• Source material
===

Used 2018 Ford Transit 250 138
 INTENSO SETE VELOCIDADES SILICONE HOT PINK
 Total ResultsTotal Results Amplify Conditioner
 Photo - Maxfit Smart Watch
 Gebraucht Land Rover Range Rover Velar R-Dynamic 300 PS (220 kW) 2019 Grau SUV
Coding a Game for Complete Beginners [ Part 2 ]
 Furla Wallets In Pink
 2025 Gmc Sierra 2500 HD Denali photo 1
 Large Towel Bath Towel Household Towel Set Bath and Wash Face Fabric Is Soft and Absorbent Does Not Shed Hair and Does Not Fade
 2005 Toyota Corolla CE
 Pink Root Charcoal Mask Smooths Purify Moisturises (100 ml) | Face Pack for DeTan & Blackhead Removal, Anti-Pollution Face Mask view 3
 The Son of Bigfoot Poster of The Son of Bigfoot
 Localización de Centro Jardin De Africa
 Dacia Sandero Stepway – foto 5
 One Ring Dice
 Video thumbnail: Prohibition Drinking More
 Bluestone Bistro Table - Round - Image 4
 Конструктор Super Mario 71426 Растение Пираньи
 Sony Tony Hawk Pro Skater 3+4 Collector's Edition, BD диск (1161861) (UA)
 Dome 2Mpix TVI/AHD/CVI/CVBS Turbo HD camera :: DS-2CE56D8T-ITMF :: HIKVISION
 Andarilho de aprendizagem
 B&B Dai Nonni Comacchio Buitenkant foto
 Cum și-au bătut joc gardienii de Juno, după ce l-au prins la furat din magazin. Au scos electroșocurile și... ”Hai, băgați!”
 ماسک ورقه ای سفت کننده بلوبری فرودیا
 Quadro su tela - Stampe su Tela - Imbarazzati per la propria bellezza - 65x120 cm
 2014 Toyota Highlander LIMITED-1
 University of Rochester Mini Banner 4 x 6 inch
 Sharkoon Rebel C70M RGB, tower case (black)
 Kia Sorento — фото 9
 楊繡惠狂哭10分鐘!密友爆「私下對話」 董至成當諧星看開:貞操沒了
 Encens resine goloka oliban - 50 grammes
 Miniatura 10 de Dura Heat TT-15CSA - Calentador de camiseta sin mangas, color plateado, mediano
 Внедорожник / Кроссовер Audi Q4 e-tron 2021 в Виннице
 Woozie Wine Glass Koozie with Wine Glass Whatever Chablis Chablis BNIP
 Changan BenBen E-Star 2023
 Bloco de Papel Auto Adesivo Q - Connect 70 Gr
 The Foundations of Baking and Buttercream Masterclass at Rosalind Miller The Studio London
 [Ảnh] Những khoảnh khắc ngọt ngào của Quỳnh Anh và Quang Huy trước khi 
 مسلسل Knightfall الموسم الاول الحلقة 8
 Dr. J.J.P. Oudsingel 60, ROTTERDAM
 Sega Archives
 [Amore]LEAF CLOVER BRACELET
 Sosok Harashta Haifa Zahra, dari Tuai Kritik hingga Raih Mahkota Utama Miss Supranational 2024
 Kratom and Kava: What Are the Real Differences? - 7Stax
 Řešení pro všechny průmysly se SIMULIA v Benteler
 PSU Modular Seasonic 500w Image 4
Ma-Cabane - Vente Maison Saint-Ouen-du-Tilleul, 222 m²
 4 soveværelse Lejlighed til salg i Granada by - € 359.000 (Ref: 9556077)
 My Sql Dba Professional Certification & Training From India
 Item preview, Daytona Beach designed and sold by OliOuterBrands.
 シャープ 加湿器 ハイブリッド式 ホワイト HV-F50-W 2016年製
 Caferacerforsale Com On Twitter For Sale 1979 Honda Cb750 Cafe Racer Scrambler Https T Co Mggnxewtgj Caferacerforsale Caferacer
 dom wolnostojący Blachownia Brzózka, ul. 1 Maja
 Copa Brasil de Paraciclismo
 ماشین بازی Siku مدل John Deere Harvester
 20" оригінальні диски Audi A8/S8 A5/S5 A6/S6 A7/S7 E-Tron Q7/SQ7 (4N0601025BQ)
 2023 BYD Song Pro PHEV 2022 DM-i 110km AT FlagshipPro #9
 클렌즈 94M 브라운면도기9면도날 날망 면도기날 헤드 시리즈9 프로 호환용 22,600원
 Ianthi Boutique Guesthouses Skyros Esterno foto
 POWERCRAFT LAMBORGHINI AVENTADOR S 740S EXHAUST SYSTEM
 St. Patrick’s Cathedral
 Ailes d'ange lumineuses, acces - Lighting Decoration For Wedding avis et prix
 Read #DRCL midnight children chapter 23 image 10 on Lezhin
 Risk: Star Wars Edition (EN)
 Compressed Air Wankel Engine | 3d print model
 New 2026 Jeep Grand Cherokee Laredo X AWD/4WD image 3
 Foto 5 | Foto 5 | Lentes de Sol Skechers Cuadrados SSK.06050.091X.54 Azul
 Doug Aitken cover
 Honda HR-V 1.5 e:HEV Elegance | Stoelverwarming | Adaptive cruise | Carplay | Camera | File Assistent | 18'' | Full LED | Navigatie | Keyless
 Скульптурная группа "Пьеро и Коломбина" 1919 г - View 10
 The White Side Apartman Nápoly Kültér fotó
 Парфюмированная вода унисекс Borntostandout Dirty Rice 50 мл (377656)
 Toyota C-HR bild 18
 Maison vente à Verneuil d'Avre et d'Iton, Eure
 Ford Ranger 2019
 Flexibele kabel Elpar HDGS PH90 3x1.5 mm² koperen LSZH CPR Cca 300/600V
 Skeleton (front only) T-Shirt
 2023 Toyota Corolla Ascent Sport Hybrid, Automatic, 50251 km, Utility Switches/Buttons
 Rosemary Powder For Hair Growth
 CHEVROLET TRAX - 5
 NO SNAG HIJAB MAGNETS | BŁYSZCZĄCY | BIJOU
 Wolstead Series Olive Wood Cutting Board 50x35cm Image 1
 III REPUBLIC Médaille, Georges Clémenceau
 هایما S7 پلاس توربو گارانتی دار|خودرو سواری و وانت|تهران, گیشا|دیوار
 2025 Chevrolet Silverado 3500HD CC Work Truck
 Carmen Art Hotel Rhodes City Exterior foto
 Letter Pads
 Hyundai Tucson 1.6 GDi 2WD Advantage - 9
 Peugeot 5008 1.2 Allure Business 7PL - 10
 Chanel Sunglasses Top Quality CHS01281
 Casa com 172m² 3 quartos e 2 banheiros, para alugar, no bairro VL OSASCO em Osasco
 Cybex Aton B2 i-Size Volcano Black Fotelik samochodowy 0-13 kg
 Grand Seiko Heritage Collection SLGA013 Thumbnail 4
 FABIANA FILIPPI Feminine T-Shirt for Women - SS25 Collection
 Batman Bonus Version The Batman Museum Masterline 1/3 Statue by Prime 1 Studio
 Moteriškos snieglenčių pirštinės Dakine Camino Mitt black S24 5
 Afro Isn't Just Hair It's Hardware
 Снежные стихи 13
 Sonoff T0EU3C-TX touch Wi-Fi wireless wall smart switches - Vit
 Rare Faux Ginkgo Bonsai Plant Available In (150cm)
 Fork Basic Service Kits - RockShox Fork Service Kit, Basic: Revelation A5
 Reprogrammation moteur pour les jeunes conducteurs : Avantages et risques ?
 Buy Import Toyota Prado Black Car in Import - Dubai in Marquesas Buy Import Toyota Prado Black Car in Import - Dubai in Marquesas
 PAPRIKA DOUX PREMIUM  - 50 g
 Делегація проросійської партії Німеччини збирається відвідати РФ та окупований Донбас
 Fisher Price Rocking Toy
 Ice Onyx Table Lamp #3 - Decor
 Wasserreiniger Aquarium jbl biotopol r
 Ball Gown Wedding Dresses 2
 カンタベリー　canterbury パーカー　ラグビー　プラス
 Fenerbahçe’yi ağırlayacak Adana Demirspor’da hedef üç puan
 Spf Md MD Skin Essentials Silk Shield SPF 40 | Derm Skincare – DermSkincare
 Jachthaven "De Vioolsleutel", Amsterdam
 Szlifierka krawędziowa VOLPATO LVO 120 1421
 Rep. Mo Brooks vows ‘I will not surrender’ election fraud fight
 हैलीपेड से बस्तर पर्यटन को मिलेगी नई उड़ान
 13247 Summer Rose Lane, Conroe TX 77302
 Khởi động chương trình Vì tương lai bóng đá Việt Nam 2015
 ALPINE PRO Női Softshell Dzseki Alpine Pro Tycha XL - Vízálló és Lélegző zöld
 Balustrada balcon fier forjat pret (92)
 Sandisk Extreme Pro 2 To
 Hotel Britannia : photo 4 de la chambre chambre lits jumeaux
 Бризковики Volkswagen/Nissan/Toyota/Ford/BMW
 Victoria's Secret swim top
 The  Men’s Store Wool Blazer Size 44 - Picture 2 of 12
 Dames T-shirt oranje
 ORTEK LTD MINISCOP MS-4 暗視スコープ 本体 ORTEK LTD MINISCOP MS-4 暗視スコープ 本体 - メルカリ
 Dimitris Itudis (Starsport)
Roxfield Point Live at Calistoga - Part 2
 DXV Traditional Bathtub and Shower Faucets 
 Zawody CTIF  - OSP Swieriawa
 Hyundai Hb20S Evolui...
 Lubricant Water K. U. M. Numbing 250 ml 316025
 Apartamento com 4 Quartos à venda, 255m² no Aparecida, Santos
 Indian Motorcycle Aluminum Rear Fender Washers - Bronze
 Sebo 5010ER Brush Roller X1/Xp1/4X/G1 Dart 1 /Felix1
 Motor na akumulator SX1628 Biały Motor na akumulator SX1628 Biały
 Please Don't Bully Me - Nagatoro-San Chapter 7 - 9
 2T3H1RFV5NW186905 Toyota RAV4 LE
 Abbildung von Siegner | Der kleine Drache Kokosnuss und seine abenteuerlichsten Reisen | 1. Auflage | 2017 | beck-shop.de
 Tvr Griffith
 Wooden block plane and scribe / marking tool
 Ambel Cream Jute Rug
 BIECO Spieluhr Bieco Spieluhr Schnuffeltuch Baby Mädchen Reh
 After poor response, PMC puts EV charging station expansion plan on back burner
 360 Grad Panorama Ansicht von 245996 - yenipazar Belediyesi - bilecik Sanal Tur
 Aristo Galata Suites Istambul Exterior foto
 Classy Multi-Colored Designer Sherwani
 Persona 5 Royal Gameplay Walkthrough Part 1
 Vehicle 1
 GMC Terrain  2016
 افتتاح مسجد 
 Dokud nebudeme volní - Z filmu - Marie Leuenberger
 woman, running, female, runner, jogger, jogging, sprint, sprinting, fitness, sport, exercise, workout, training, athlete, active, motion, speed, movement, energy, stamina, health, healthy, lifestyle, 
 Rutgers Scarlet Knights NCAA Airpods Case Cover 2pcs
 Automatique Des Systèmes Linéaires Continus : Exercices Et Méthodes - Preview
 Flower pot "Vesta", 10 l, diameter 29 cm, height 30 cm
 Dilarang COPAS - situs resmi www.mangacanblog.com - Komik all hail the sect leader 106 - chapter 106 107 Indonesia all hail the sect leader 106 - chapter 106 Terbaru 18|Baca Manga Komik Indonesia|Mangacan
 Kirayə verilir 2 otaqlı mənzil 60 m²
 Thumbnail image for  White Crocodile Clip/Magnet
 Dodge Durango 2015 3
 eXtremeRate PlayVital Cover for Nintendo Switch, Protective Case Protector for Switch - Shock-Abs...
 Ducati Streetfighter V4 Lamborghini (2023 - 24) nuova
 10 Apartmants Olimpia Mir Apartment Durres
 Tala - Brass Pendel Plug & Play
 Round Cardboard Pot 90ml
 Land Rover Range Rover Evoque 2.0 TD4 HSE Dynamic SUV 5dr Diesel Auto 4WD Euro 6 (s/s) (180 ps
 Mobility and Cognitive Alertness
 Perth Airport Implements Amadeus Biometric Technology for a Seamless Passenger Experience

===

• Aim of the task
Begin at the line above that has "Rosemary Powder For Hair Growth" and stop after the line that has "Sonoff T0EU3C-TX touch", copying each line exactly and adding nothing else.

• Reply to the exercise
 Rosemary Powder For Hair Growth
 CHEVROLET TRAX - 5
 NO SNAG HIJAB MAGNETS | BŁYSZCZĄCY | BIJOU
 Wolstead Series Olive Wood Cutting Board 50x35cm Image 1
 III REPUBLIC Médaille, Georges Clémenceau
 هایما S7 پلاس توربو گارانتی دار|خودرو سواری و وانت|تهران, گیشا|دیوار
 2025 Chevrolet Silverado 3500HD CC Work Truck
 Carmen Art Hotel Rhodes City Exterior foto
 Letter Pads
 Hyundai Tucson 1.6 GDi 2WD Advantage - 9
 Peugeot 5008 1.2 Allure Business 7PL - 10
 Chanel Sunglasses Top Quality CHS01281
 Casa com 172m² 3 quartos e 2 banheiros, para alugar, no bairro VL OSASCO em Osasco
 Cybex Aton B2 i-Size Volcano Black Fotelik samochodowy 0-13 kg
 Grand Seiko Heritage Collection SLGA013 Thumbnail 4
 FABIANA FILIPPI Feminine T-Shirt for Women - SS25 Collection
 Batman Bonus Version The Batman Museum Masterline 1/3 Statue by Prime 1 Studio
 Moteriškos snieglenčių pirštinės Dakine Camino Mitt black S24 5
 Afro Isn't Just Hair It's Hardware
 Снежные стихи 13
 Sonoff T0EU3C-TX touch Wi-Fi wireless wall smart switches - Vit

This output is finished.